Si previde nullità delle clausole predisposte dalle imprese committenti laddove i compensi fossero non in linea con i parametri ministeriali che divennero obbligatori, mentre all’epoca delle liberalizzazioni erano dovuti per i soli casi di mancato accordo tra le parti. Nei fatti, il decreto reintroduceva un tariffario invigilato per i servizi professionali, abrogato nel 2012 perché limitativo della concorrenza nel mercato di tali servizi, sostituendolo con il riferimento ai “parametri” definiti dal Ministero vigilante. La legge Meloni in corso di fulminea approvazione va ben oltre.
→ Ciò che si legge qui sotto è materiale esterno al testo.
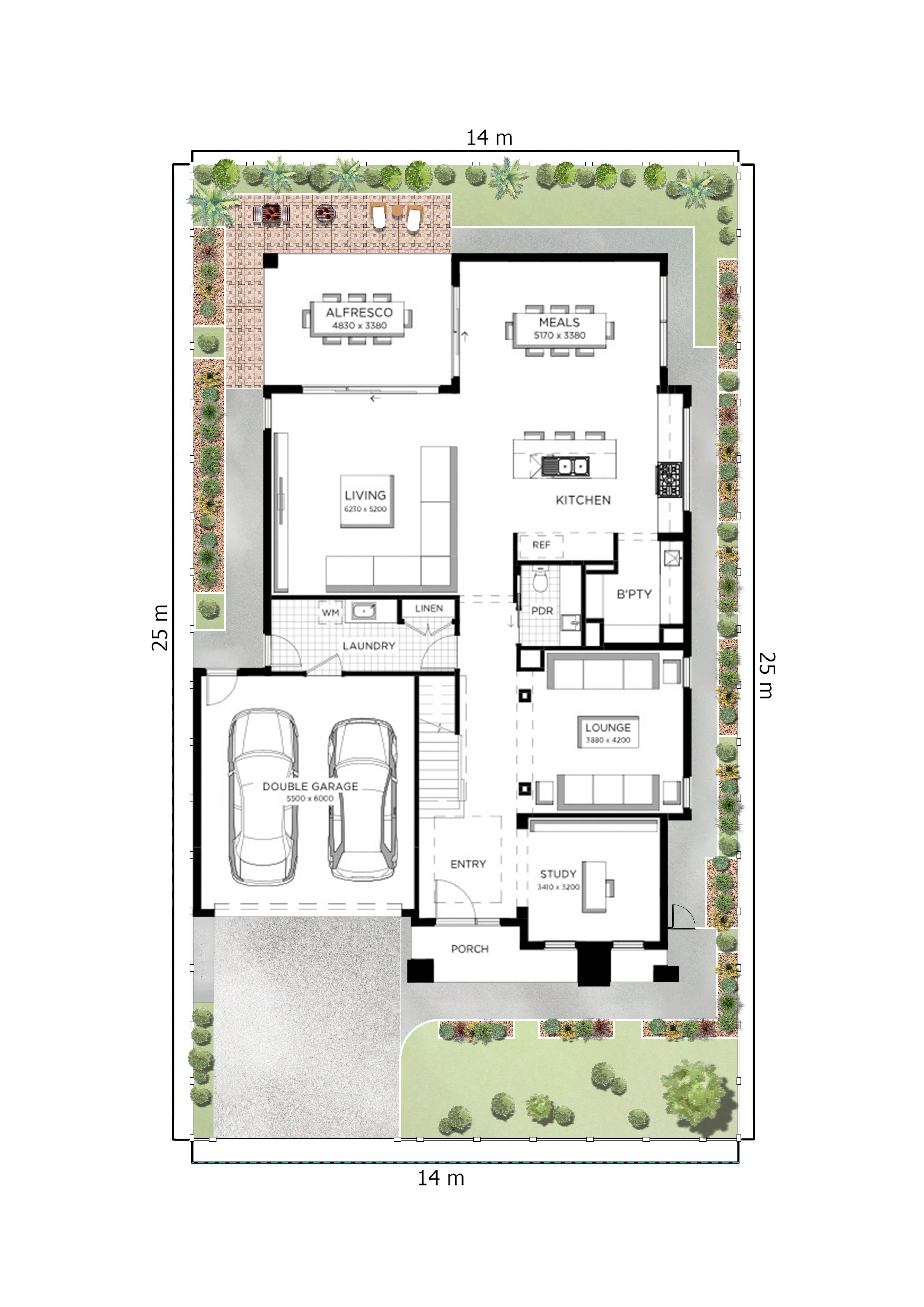Geneva Grand 42   (25.2) floor plan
Non solo i “contraenti forti” diventano non più le sole grandi imprese ma tutte le medie imprese sopra i 50 dipendenti o i 10 milioni di euro fatturati. Ma spetterà al tribunale ordinario pronunciarsi se il compenso sia equo o no rispetto ai parametri ministeriali. E ciliegina sulla torta, per i professionisti iscritti a ordini e collegi professionali spetterà agli ordini stessi “sanzionare” coloro che accettino liberamente tariffe inferiori. Il parere di congruità degli ordini diventa vero titolo esecutivo, come se gli ordini fossero parificati al giudice di Stato. E, attenzione, la mannaia non cade solo su intese contrattuali dettate unilateralmente dal committente, bensì su tutte le intese, anche quelle liberamente pattuite ma segnalate da professionisti rimasti all’asciutto. E mica solo i piccoli poveri singoli professionisti, bensì qualunque intesa di prestazione di servizio che riguardi anche studi associati in forma societaria e plurispecializzati.
Sintesi estrema: invece di incentivare la nascita di sempre più estese forme associative di professionisti in grado di offrire a più basso costo migliori servizi integrati all’impresa, l’esatto opposto. Piccolo è bello e piccolo va difeso. L’Antitrust scrisse nel 2017 che la reintroduzione mascherata delle tariffe professionali era “in stridente controtendenza con i processi di liberalizzazione che, negli anni più recenti, hanno interessato il nostro ordinamento anche nel settore delle professioni regolamentate”. Infatti, collegando l’equità del compenso ai paramenti tariffari contenuti nei decreti ministeriali, tali previsioni reintroducevano di fatto i minimi tariffari, con l’effetto di “limitare confronti concorrenziali tra gli appartenenti alla medesima categoria, piuttosto che tutelare interessi della collettività”. Eventuali criticità connesse alla presenza di fruitori di servizi professionali con elevato potere di domanda – continuava l’Antitrust – non vanno affrontate attraverso la fissazione di un prezzo minimo per l’erogazione dei servizi, che avrebbe l’unico effetto di alterare il corretto funzionamento delle dinamiche di mercato e ostacolare lo spontaneo adattamento di domanda e offerta. Che dirà ora l’Antitrust, in presenza di una stretta ancora e molto più forte? Si accettano scommesse: qualunque cosa l’Antitrust dicesse, la politica attuale se ne farebbe ampi baffi.